That simply isn't true no matter how many anecdotes you find.
To say “corporate America demanded it” and that’s why these outcomes happened vastly oversimplifies reality. Yes, capitalism is inherently political, and yes, markets and governments are intertwined, but that doesn’t erase the clear, documented choices made in the U.S. over the last 40 years that systematically favored corporate profits over workers’ wages and social stability. Tax policy, regulatory rollbacks, trade agreements, and financial deregulation weren’t inevitable consequences of global capitalism; they were deliberate, ideologically driven decisions shaped by lobbying and political influence. To dismiss them as mere features of “modern capitalism” ignores the agency of policymakers and the measurable impact these policies had on wage stagnation, inequality, and wealth concentration.
The messy reality is still rooted in choices. Governments and markets interact everywhere, yes, but the U.S. trajectory, especially post-1980s, was not an inevitable byproduct of globalization or market forces. It was a specific path chosen by political actors responding to corporate power. To pretend otherwise is to mistake convenience for analysis.
The logic feel circular. One is making a staunch defense of capitalism but decrying its outcomes.
Globalization is a result of capitalism, with the two reinforcing each other, as capitalism's drive for profit and expansion fuels globalization, while globalization creates a global market condition that benefits capitalism. They are interdependent.
And Yes, many factors within a capitalist system contribute to the decline of labor unions. People may or may not like these outcomes but they are inextricably linked to capitalism.
You wrote:
"You say NAFTA, China’s WTO entry, and open borders were “capitalism’s logic.” No, they were Washington’s logic, pushed by politicians, global institutions, and corporate lobbyists who knew exactly what they were doing."
To reiterate: NAFTA, WTO agreements, and even deregulation were not imposed in opposition to capitalist interests: they were actively championed by corporations and business interests looking to lower costs and boost profits. Political leaders didn’t act against capitalism—they followed its logic, enabling capital to chase cheaper labor and fewer regulations across borders. Corporations offshored jobs and suppressed wages because it was profitable to do so. This is exactly what market forces—left alone or “unleashed”—create: a relentless search for cost savings, usually on the backs of workers.
You wrote:
"If anything, your argument proves my point: the damage came from the decisions, not the existence of capitalism itself.".
The two are intertwined, inextricably. The decisions were and are based upon capitalism, unleashing free markets. The separation of “market” from “politics” is artificial.
"To reiterate: NAFTA, WTO agreements, and even deregulation were not imposed in opposition to capitalist interests: they were actively championed by corporations and business interests looking to lower costs and boost profits. Political leaders didn’t act against capitalism—they followed its logic, enabling capital to chase cheaper labor and fewer regulations across borders. Corporations offshored jobs and suppressed wages because it was profitable to do so. This is exactly what market forces—left alone or “unleashed”—create: a relentless search for cost savings, usually on the backs of workers." Joel
I have to disagree. Yes, corporations and business interests supported NAFTA, WTO agreements, and deregulation, but that doesn’t mean this was just “capitalism acting.” These were deliberate, political decisions designed to benefit certain groups, not inevitable outcomes of the market. Saying that capital “chases cheaper labor and fewer regulations” as if it’s automatic removes human agency from the picture; it was politicians and lobbyists who structured the rules and incentives to make it happen.

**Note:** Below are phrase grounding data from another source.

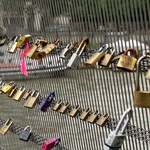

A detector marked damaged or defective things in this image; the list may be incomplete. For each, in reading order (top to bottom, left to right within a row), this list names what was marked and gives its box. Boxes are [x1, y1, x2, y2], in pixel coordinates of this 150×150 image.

rusted lock [84, 44, 107, 67]
rusted lock [98, 47, 115, 67]
rusted lock [116, 48, 138, 71]
rusted lock [134, 55, 150, 108]
rusted lock [23, 89, 39, 108]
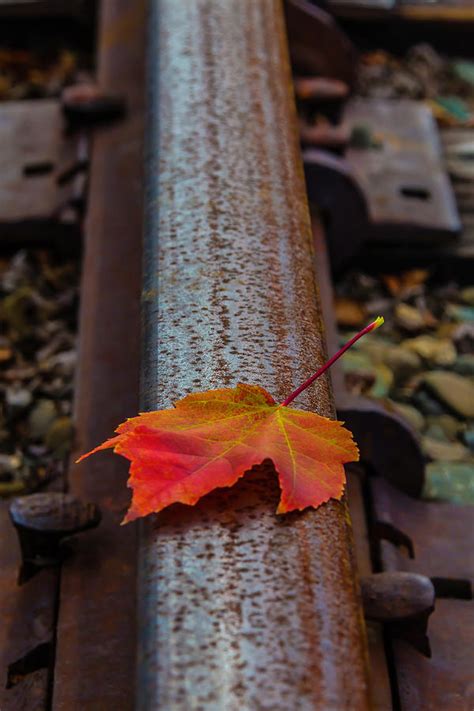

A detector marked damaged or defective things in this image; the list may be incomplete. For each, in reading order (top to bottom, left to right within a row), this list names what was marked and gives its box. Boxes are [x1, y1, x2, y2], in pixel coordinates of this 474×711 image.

dark rusted bracket [0, 98, 88, 250]
rusted metal surface [51, 1, 145, 711]
rusty steel rail [138, 2, 370, 708]
rusted metal surface [139, 2, 372, 708]
dark rusted bracket [9, 492, 100, 588]
dark rusted bracket [362, 572, 436, 660]
rusted metal surface [372, 478, 472, 708]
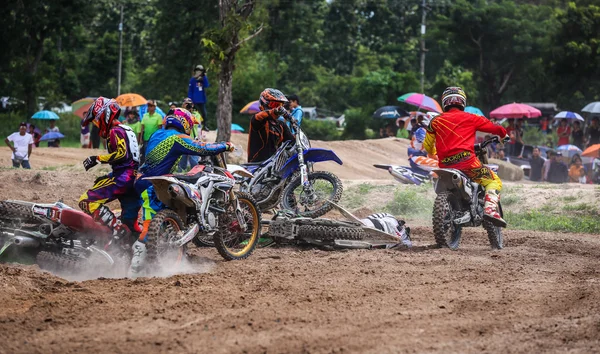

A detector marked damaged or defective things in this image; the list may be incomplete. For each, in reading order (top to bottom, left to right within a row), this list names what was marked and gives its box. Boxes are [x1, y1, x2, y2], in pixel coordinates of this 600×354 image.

crashed motorcycle [0, 199, 136, 276]
crashed motorcycle [144, 150, 262, 262]
crashed motorcycle [238, 115, 342, 217]
crashed motorcycle [432, 137, 506, 250]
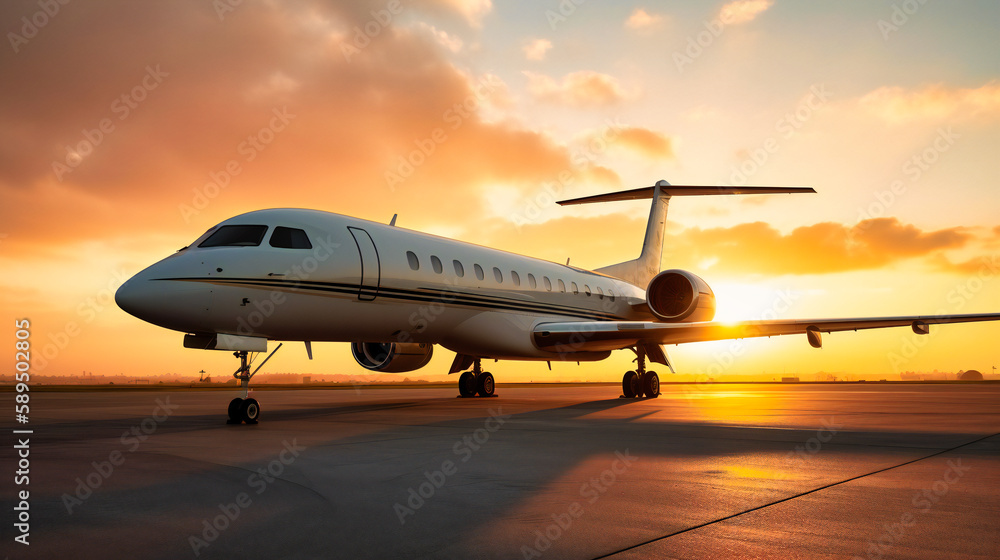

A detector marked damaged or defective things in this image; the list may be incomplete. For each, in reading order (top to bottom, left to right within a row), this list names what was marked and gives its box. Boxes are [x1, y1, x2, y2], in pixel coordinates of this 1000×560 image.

pavement crack line [588, 434, 996, 556]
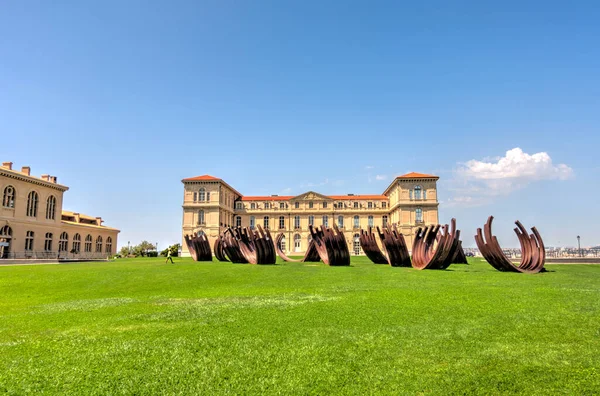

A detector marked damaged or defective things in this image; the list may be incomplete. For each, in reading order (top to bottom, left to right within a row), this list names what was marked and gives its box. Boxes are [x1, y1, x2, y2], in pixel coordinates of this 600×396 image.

rusted iron artwork [184, 230, 212, 262]
rusted iron artwork [212, 237, 229, 262]
rusted iron artwork [276, 234, 322, 262]
rusted iron artwork [310, 226, 352, 266]
rusted iron artwork [358, 226, 410, 266]
rusted iron artwork [412, 218, 464, 270]
rusted iron artwork [476, 217, 548, 272]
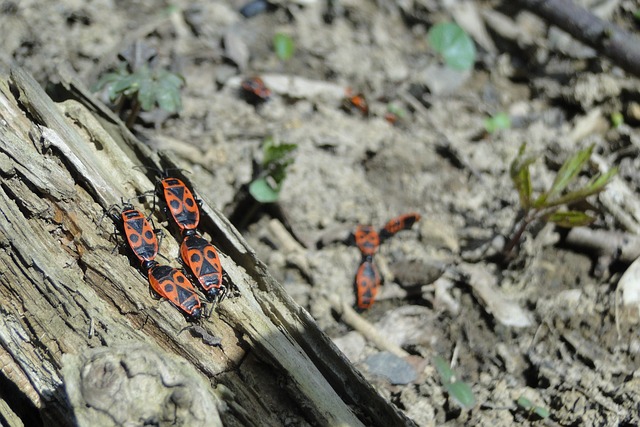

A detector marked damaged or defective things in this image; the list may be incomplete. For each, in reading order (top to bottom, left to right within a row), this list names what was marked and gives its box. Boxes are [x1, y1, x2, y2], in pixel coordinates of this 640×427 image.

dry splintered wood [0, 67, 416, 427]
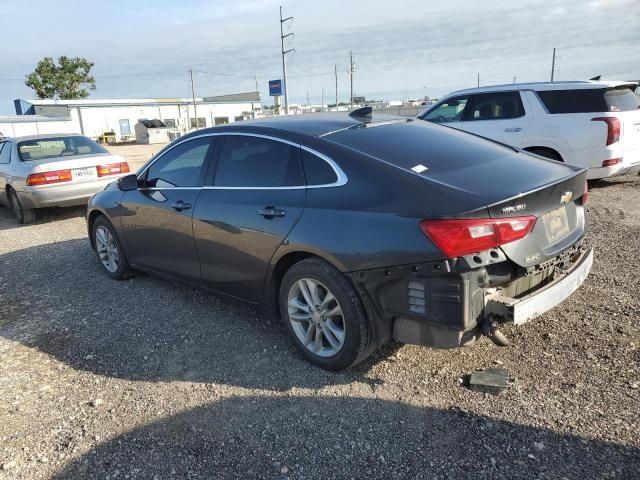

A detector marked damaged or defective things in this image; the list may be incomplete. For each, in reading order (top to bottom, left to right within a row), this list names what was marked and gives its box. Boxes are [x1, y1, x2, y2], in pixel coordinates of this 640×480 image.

rear bumper damage [348, 242, 592, 346]
detached bumper cover [484, 248, 596, 326]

Markets provide opportunities, but they don’t dictate policy on their own. Capitalism doesn’t require offshoring jobs or suppressing wages; those are choices made within the system. Political leaders and corporate lobbyists decided to prioritize profits over workers, and they created the conditions for inequality and stagnation. To call this simply “market forces left alone” is misleading; it was a manipulated market, crafted to serve specific interests.

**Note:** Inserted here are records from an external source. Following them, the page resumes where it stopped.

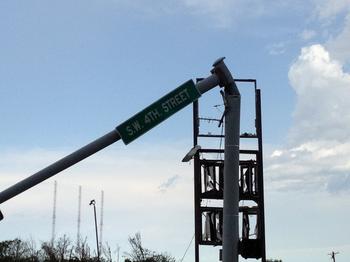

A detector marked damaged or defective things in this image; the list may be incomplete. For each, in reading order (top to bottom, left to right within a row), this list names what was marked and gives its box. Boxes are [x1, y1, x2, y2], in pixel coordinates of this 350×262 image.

bent metal pole [0, 57, 235, 207]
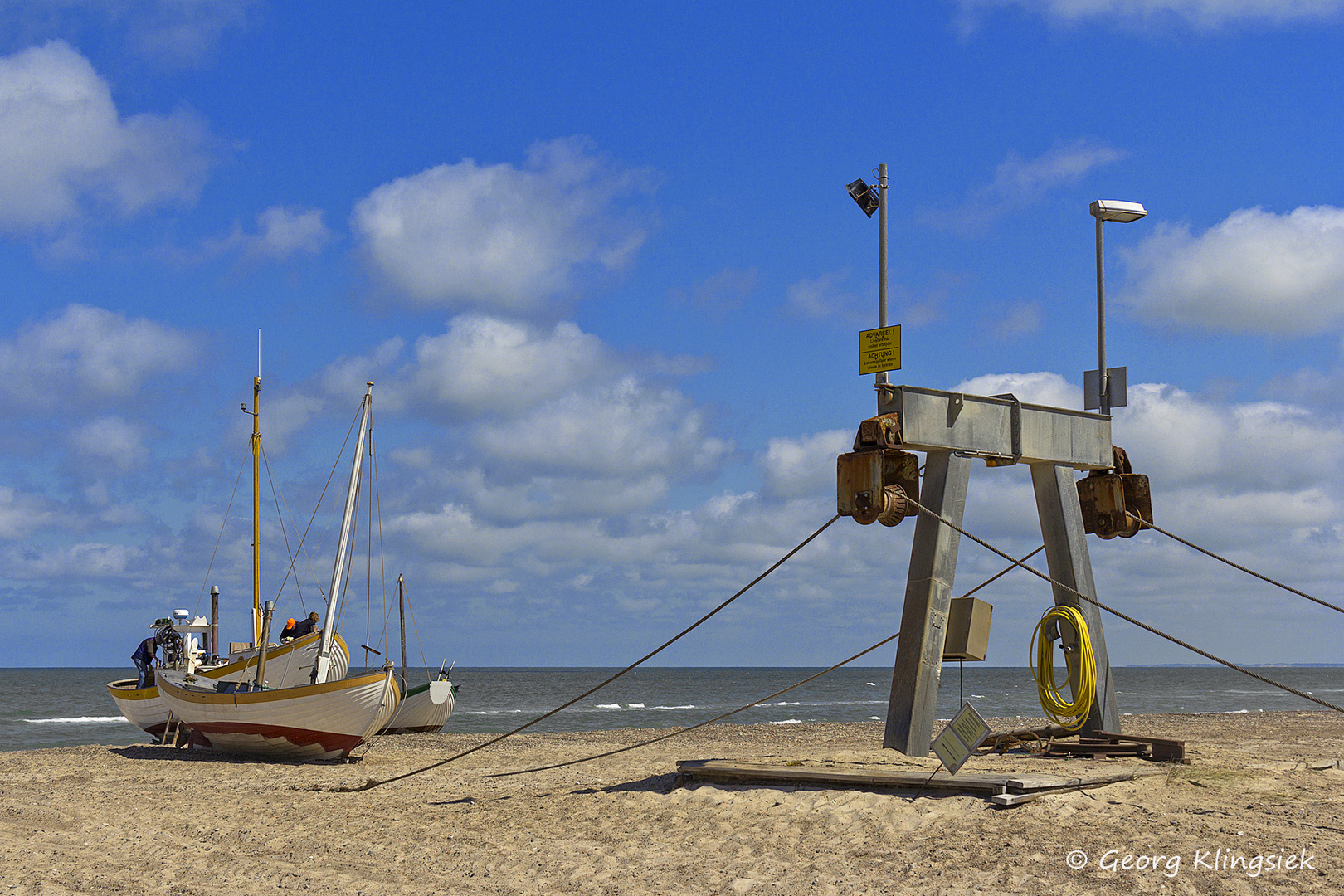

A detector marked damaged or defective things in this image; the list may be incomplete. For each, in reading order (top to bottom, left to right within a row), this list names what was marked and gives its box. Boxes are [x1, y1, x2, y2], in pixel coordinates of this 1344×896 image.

rusty pulley block [833, 416, 919, 528]
rusty pulley block [1075, 443, 1150, 537]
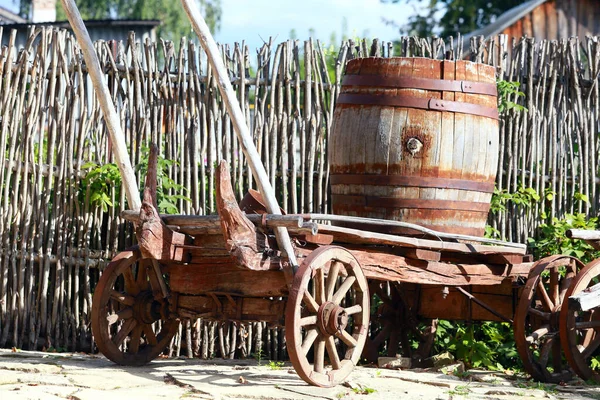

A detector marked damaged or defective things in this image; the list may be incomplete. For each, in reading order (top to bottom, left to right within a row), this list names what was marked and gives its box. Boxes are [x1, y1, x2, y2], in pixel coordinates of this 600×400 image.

rusted metal band [336, 93, 500, 119]
rusted metal band [342, 74, 496, 95]
rusted metal band [330, 194, 490, 212]
rusted metal band [330, 175, 494, 194]
rusty metal hoop [90, 248, 177, 368]
rusty metal hoop [284, 245, 368, 386]
rusty metal hoop [364, 282, 438, 366]
rusty metal hoop [512, 255, 584, 382]
rusty metal hoop [560, 260, 600, 382]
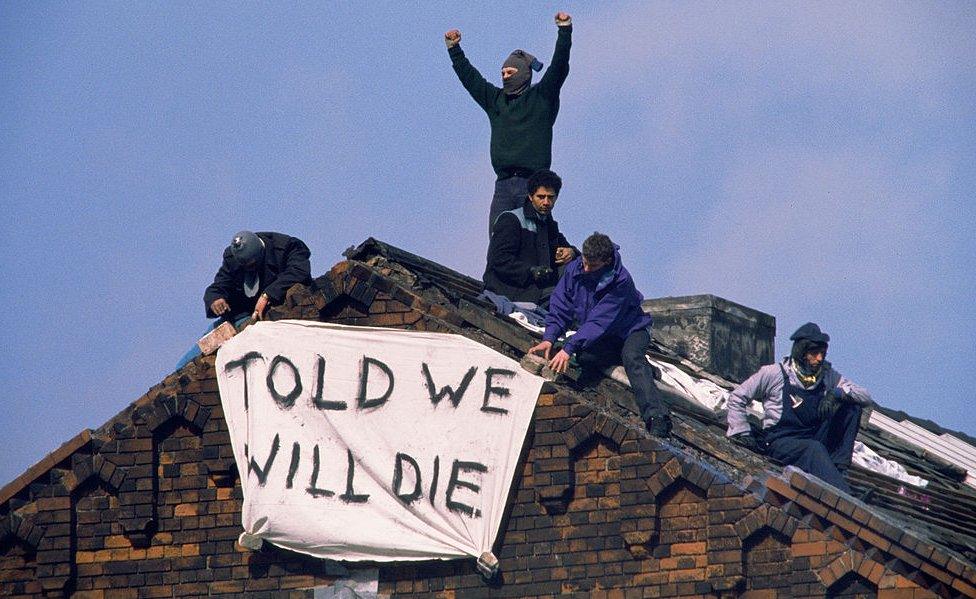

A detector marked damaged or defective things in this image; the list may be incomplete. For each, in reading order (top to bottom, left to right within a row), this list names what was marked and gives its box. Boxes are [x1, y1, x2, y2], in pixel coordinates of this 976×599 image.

torn roofing felt [342, 237, 976, 564]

The reality is that capitalism and politics are inseparable here. What you’re describing isn’t capitalism acting on its own; it’s capitalism guided by deliberate policy decisions that favored the few at the expense of the many.
“The reality is that capitalism and politics are inseparable here. What you’re describing isn’t capitalism acting on its own; it’s capitalism guided by deliberate policy decisions that favored the few at the expense of the many.”
We saw what capitalism looked like when it was relatively unfettered and allowed to operate with few if any hinderances. Go back to the late 19th century. Capitalism is inherently greedy and selfish and must always be kept on a leash. Capitalism does lead to offshoring, because of the basic principles of Econ 101. Why would any business not have its labor if properly trained moved to a less expensive market with less regulation and thereby relieving them of accountability? Capitalism, by its very nature forces business to prioritize profits over workers. This IS the result of market forces left alone. There are plenty of examples of this during this and the past century. The corporate class is oblivious to environmental abuse in India, one of the reasons that they leave America is that an intolerable level of environmental degradation will not be tolerated here. So, if you can’t exploit workers here, simply move operations to environment where you can.
"Capitalism, by its very nature forces business to prioritize profits over workers. This IS the result of market forces left alone."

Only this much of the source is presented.